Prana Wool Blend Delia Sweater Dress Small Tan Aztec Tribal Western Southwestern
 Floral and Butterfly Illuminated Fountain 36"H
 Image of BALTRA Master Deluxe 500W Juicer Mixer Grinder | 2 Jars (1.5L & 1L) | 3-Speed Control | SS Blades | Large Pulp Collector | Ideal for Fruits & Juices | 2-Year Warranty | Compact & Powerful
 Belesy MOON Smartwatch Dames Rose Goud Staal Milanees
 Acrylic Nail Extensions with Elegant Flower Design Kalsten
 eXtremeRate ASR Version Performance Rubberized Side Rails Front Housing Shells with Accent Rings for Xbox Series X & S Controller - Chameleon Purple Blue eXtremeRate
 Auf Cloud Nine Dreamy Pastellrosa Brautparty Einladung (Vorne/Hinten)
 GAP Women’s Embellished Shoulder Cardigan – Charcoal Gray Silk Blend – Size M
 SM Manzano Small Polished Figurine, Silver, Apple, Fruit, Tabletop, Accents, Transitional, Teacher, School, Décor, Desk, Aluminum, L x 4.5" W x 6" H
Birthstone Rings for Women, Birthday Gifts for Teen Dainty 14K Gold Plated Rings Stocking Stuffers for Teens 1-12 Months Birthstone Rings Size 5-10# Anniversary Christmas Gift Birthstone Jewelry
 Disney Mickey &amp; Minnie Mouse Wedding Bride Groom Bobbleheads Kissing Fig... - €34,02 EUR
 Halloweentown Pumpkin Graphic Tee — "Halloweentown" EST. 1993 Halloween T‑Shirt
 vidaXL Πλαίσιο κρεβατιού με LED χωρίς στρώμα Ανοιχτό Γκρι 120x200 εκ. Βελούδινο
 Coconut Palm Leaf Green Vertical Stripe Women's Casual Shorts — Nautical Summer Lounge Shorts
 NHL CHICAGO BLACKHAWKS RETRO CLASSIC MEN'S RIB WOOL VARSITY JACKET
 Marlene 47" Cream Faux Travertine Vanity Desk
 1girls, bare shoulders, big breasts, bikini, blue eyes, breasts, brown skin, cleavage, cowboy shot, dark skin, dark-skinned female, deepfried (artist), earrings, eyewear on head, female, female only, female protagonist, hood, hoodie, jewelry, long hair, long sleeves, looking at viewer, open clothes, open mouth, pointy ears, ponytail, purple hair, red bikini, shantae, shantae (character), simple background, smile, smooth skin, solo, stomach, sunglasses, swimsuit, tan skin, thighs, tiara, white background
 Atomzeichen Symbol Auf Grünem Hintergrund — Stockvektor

****

* [YOUR ASSIGNMENT]: Please, from the entries above, set down exactly the lines from the one containing "SM Manzano Small" through the one containing "Coconut Palm Leaf", and only those.

* [REPLY]:
 SM Manzano Small Polished Figurine, Silver, Apple, Fruit, Tabletop, Accents, Transitional, Teacher, School, Décor, Desk, Aluminum, L x 4.5" W x 6" H
Birthstone Rings for Women, Birthday Gifts for Teen Dainty 14K Gold Plated Rings Stocking Stuffers for Teens 1-12 Months Birthstone Rings Size 5-10# Anniversary Christmas Gift Birthstone Jewelry
 Disney Mickey &amp; Minnie Mouse Wedding Bride Groom Bobbleheads Kissing Fig... - €34,02 EUR
 Halloweentown Pumpkin Graphic Tee — "Halloweentown" EST. 1993 Halloween T‑Shirt
 vidaXL Πλαίσιο κρεβατιού με LED χωρίς στρώμα Ανοιχτό Γκρι 120x200 εκ. Βελούδινο
 Coconut Palm Leaf Green Vertical Stripe Women's Casual Shorts — Nautical Summer Lounge Shorts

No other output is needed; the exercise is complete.